Provo, UT, USA — The mountains at the south end of Utah County are barely visible from south Provo, thanks to a white haze blanketing the area.
The haze isn’t a health risk, said Bryce Bird, an air standards branch manager with the state’s Division of Air Quality; air quality is still listed as good throughout the Wasatch Front. It’s actually from smoke a northwest wind is bringing in from fires in the Pacific Northwest, central Idaho and Yost, in the northwest corner of the state. A couple of small fires in the area are contributing as well.
One of those local fires, in Utah County, was contained Thursday afternoon after burning 316 acres south of Saratoga Springs, said Bureau of Land Management spokeswoman Teresa Rigby. It was sparked by a lightning strike Wednesday night. It came close to explosive bunkers and a couple of homes, but slowed as it got close to the structures because it hit an area that had already been scorched once this summer in another fire.

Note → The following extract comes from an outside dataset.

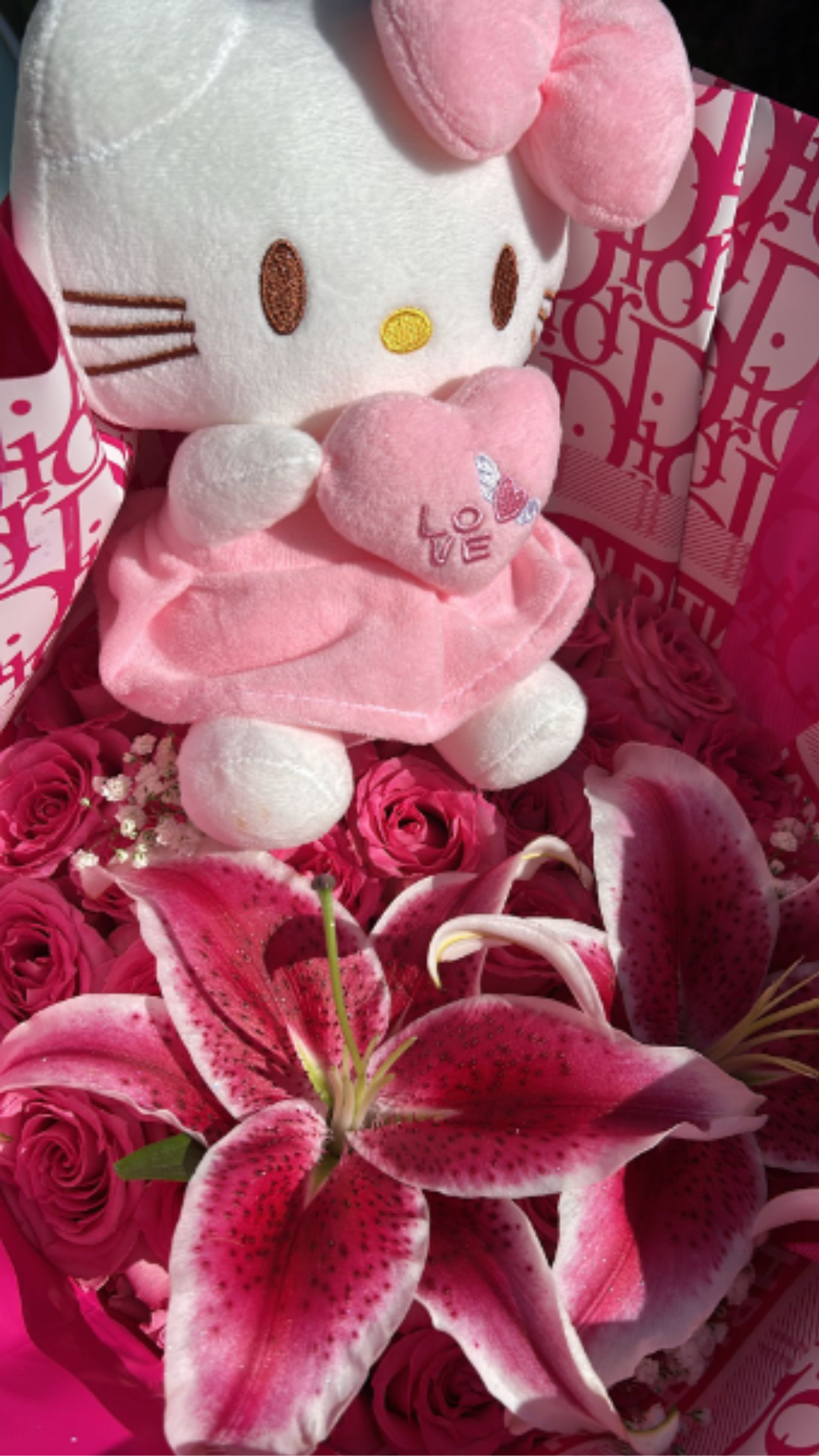 Hello Kitty Ramo Buchón (25 Rose count)  - A bouquet featuring 50 sweet unique signature hot pink roses, fresh pink oriental lilies, and a Hello Kitty plush toy included.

“Because of the size of the particles associated with wildfires, the visibility impact is much greater than the air quality weight impact that we would find on our filters,” Bird said.
PM 2.5, a pollutant generally associated with smoke, is registering barely into the moderate range, and the Lindon air quality sensor registered PM 10 as a 92, which is the middle of the moderate range. That is most likely from the local fires, he said. There’s still no health risk, though, for people who want to be outside.

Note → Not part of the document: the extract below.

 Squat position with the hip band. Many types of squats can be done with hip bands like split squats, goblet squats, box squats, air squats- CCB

Even with the haze, Thursday’s air was better than some days throughout the summer, when the repressive heat increased ozone production and people with lung conditions were advised to stay indoors.
“We actually have had a few days that are getting close to being bad,” said Dr. Joseph Miner, director of the Utah County Health Department.
He had not been notified of any health risks from the haze and said generally summer in Utah actually meant better air; once cooler weather arrives it brings inversion season with it. An inversion, which results when warm air traps cool air and the pollutants under it, is a frequent happening in the mountain valleys of Utah.
“That’s when we see the health issues,” Bird agreed.
For now, the haze was just a factor to be dealt with throughout all of northern Utah, but not a cause for concern. Bird said he didn’t know how long Utahns could expect the smoky layer, but the state’s smoke management program’s weekly smoke report indicated it wasn’t going anywhere.
“The bottom line of that report was that we could expect to see continued hazy skies in Utah,” he said.